Campbell (1993) divides the hero’s journey into three overarching stages: ‘separation or departure; initiation; and return’ (p. 30). Each of these is then subdivided into various tasks or challenges that test the hero: during the Departure, the hero navigates the Call to Adventure, Refusal of the Call, Supernatural Aid, Crossing the First Threshold and the Belly of the Whale (51–90). As a stage, the Departure explores the hero’s struggle to achieve individuation as he or she leaves home and learns self-reliance. The Departure is, therefore, predominantly marked by the hero’s acquisition and integration of masculine agency into his or her psyche, given that masculinity encourages independence and individuality.

The first of the challenges in the Departure is the Call to Adventure. Campbell tells us that the figure who is called to adventure may be royal or of humble birth but always begins the journey as the archetypal Fool: an innocent with much to learn. Often the potential hero is marked by fate as ‘different’. From the beginning of the tale, Oaive fits this pattern. When we first meet her, she is young (a teenager) and of humble parentage but we are also told that ‘She had been chosen before her birth’ (p. 8) to be the priestess of a shrine in her fishing village. This destiny sets her apart from everyone around her: her mother recoils from her, she has no friends and she must abstain from romantic involvement. Her calling to be the priestess marks her as ‘different’. It also prepares her for a life of service, much like the life defined by the heroic ethic; in language that recognises duty as paramount, we are told that she knows ‘She did not belong to the flock. She was the shepherd’ (p. 9).

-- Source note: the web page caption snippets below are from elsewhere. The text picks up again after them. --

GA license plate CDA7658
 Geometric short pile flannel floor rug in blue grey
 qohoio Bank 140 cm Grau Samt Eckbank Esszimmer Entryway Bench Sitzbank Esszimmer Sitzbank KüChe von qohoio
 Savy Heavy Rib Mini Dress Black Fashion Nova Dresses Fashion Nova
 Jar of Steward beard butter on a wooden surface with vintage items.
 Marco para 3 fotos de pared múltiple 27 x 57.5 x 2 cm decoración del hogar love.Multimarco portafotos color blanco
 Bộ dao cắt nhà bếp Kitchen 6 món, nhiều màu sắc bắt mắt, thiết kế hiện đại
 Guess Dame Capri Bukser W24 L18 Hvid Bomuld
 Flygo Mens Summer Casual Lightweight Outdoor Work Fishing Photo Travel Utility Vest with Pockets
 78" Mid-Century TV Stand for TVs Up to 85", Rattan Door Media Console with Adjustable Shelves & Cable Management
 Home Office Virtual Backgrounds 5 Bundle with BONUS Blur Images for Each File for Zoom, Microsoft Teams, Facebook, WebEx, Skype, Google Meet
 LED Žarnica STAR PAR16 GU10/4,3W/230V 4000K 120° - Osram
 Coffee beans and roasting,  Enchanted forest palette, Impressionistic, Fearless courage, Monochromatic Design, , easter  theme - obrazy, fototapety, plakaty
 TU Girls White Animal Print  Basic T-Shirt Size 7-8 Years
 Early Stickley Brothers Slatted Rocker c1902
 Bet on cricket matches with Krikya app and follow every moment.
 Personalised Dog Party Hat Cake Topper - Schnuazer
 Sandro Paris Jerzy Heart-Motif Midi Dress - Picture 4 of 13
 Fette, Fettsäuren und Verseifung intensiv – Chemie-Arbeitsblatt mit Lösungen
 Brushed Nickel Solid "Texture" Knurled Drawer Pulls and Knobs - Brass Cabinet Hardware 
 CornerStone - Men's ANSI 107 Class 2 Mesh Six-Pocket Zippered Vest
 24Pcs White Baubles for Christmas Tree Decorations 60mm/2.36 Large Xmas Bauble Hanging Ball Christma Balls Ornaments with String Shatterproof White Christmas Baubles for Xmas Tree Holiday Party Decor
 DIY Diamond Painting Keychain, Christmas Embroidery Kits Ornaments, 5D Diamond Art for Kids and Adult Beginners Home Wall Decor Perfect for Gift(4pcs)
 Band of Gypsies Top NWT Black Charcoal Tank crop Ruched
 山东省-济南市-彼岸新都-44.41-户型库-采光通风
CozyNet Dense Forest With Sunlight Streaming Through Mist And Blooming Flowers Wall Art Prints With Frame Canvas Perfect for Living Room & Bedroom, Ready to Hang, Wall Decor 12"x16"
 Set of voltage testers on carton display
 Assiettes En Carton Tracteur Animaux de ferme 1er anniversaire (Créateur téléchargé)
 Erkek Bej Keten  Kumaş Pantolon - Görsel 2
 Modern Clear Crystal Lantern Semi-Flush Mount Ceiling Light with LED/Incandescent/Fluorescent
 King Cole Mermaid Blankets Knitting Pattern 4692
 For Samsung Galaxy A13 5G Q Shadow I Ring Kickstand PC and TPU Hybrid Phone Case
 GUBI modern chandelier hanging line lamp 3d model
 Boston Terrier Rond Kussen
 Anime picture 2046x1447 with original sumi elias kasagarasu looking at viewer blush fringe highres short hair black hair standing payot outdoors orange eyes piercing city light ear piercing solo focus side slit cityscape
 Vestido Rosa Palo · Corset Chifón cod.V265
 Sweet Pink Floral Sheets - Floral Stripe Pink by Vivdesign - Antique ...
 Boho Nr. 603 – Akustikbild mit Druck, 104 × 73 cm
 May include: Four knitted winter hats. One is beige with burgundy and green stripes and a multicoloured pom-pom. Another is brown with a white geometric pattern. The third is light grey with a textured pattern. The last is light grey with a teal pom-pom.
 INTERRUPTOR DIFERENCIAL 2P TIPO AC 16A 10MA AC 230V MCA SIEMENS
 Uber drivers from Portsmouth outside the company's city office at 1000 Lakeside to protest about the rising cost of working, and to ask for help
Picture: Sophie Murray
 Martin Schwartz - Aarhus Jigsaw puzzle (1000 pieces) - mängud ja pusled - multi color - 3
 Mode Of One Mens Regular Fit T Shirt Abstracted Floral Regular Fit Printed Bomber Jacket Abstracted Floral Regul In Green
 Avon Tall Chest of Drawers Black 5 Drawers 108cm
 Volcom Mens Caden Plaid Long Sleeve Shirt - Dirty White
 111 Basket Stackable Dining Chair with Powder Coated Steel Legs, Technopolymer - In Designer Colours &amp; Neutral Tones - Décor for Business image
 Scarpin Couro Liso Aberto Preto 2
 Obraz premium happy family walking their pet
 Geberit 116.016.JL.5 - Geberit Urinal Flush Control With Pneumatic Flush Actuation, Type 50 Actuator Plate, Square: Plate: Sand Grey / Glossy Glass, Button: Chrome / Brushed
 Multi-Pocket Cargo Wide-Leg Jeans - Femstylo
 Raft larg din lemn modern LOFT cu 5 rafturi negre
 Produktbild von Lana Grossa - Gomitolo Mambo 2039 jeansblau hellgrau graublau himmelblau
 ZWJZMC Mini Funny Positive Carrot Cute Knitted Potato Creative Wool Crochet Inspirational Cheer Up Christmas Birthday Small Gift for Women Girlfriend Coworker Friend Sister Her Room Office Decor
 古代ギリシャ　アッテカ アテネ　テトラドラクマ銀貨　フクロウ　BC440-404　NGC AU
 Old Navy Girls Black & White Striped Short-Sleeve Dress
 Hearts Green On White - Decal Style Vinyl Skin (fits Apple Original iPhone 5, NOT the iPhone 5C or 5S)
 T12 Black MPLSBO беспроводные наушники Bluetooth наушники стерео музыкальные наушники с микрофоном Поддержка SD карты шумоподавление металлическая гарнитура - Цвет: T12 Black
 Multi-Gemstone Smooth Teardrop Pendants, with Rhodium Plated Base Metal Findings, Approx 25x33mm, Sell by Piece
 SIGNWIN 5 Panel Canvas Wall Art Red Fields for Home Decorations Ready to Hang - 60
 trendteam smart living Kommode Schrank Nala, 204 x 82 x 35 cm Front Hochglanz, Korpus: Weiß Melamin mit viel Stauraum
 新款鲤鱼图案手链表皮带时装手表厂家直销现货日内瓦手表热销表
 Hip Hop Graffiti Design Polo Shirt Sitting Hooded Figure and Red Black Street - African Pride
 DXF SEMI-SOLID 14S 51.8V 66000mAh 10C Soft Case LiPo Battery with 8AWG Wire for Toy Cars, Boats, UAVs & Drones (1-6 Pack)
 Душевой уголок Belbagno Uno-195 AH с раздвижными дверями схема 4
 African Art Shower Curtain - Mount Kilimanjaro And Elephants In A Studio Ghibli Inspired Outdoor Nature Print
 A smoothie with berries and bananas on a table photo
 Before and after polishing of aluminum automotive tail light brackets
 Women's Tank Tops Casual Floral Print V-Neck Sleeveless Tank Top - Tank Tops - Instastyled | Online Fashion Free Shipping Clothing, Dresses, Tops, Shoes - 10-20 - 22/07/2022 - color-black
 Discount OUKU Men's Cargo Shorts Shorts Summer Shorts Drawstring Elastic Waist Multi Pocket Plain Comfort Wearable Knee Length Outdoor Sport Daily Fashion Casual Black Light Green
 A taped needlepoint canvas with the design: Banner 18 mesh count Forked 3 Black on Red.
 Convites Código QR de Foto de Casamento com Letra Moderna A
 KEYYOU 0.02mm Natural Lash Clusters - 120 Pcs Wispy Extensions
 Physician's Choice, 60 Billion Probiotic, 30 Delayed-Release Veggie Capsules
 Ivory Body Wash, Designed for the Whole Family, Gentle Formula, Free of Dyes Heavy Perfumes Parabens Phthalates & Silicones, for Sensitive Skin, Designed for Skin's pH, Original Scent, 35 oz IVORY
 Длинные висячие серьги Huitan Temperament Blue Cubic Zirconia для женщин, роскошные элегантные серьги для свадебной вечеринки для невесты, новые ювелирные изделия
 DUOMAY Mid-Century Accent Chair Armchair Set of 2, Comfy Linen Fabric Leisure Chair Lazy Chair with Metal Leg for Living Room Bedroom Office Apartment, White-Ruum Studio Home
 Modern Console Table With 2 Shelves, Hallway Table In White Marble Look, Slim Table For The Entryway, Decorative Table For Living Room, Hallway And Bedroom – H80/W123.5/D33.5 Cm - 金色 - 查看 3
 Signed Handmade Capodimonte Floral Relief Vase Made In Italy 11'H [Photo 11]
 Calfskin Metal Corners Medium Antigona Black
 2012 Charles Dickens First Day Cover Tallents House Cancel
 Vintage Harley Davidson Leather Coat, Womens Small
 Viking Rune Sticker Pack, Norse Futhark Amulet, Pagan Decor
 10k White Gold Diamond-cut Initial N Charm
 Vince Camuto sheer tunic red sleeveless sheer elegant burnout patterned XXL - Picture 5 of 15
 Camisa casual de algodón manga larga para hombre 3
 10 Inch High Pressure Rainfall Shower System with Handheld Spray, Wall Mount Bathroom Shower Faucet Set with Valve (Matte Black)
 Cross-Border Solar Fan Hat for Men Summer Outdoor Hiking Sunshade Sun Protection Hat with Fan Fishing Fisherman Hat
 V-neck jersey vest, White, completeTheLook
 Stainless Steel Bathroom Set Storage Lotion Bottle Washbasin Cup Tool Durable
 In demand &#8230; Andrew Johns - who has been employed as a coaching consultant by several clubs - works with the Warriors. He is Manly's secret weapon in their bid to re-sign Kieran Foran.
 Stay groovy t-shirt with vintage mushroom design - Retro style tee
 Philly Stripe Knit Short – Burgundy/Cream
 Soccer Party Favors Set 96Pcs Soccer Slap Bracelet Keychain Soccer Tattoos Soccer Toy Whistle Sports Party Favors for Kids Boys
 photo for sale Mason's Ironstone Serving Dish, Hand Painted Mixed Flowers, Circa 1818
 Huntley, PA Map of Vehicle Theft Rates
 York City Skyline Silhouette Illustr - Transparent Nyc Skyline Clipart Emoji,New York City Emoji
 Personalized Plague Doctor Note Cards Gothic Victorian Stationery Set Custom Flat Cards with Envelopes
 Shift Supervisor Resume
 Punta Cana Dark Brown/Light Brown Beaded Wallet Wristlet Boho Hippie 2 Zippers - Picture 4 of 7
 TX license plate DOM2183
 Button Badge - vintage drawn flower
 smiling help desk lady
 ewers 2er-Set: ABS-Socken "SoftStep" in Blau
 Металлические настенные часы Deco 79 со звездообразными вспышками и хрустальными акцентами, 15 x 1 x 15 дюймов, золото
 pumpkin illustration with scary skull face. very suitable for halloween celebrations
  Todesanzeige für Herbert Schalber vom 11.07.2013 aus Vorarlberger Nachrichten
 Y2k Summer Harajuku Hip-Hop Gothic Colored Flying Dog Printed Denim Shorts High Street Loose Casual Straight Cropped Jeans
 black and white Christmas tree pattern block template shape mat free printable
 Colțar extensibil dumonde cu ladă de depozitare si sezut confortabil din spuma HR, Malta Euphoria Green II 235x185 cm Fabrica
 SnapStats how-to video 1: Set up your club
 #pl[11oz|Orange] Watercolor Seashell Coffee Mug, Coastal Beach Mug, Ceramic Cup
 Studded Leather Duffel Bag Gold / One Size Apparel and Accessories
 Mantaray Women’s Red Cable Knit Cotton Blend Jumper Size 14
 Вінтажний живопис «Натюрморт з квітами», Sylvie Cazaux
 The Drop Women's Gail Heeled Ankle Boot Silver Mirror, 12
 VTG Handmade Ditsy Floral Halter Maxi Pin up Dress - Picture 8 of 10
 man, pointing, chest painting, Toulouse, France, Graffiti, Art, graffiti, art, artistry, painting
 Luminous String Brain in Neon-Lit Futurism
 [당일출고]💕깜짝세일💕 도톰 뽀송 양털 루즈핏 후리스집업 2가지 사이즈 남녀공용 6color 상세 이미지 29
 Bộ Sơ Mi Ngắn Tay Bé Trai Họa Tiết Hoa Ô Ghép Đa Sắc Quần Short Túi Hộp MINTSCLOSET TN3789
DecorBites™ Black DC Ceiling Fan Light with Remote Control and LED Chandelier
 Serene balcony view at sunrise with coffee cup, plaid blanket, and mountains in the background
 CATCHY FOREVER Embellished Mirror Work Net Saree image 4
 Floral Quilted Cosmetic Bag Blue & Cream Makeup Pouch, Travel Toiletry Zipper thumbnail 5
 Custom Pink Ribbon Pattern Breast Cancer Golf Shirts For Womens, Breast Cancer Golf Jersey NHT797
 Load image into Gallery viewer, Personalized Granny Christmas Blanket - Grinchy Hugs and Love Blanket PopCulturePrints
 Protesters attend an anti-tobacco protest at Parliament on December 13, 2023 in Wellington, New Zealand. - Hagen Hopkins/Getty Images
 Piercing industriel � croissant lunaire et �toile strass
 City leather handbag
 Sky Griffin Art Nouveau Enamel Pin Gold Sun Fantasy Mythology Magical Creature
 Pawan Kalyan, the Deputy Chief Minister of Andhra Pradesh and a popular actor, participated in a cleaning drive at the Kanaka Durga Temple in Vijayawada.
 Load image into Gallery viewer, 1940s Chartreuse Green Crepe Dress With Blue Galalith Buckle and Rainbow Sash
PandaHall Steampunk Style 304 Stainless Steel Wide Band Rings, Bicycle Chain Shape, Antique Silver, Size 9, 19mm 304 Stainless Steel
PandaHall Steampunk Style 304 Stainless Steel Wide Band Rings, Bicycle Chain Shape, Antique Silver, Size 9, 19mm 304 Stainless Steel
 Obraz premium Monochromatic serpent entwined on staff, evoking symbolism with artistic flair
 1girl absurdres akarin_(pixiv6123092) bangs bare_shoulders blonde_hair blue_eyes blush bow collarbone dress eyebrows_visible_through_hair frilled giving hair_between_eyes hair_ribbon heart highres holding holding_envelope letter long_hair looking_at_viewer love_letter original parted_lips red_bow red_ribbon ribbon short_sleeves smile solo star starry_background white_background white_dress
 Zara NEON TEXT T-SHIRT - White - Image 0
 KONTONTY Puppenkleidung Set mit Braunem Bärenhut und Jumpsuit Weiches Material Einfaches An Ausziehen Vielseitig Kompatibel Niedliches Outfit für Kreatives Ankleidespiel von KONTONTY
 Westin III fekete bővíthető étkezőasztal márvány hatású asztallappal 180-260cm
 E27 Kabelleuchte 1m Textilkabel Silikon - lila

Prior to the Call to Adventure, the potential hero’s life is often limited to domestic activities that keep him or her close to home. The ‘closed-circuit’, passive quality of this period marks it as a feminine time in contrast to the period of masculine action to come. Lee foregrounds the dominance of the feminine during this stage of Oaive’s life with various activities and symbols traditionally associated with femininity and the archetypal feminine. As the priestess of an ocean shrine, Oaive’s activities follow the cyclical ebb and flow of ocean tides so that she lives in feminine time, rather than linear, masculine time (Davies 1990:19). She continually paints spirals, evocative of goddess symbolism, on shell talismans. She weaves cloth, recalling female mythical figures such as the Fates, Grandmother Spider and Arachne. She is a healer who nurtures her community, and she belongs to a sisterhood of priestesses stretching back through time.

As is the case with all potential heroes, without outside intervention, feminine passivity might dominate Oaive’s life in perpetuity; the Call to Adventure disrupts it. In psycho-symbolic terms, the compensatory drive of the unconscious sounds a call-to-action that disturbs the peaceful pattern of feminine inaction. The figure of the herald who sounds the call is therefore significant. The herald intrudes into the potential hero’s life, shocking her into an awareness of a world beyond the one she knows. He/she/it thus becomes a marker of all that is different, all that the hero does not know and because the herald asks nothing less than the potential hero’s surrender to transfiguration, he/she/it may be perceived as menacing. The potential hero must decide whether to answer the Call, despite her fear and knowing that her life will never be the same thereafter, or to refuse it.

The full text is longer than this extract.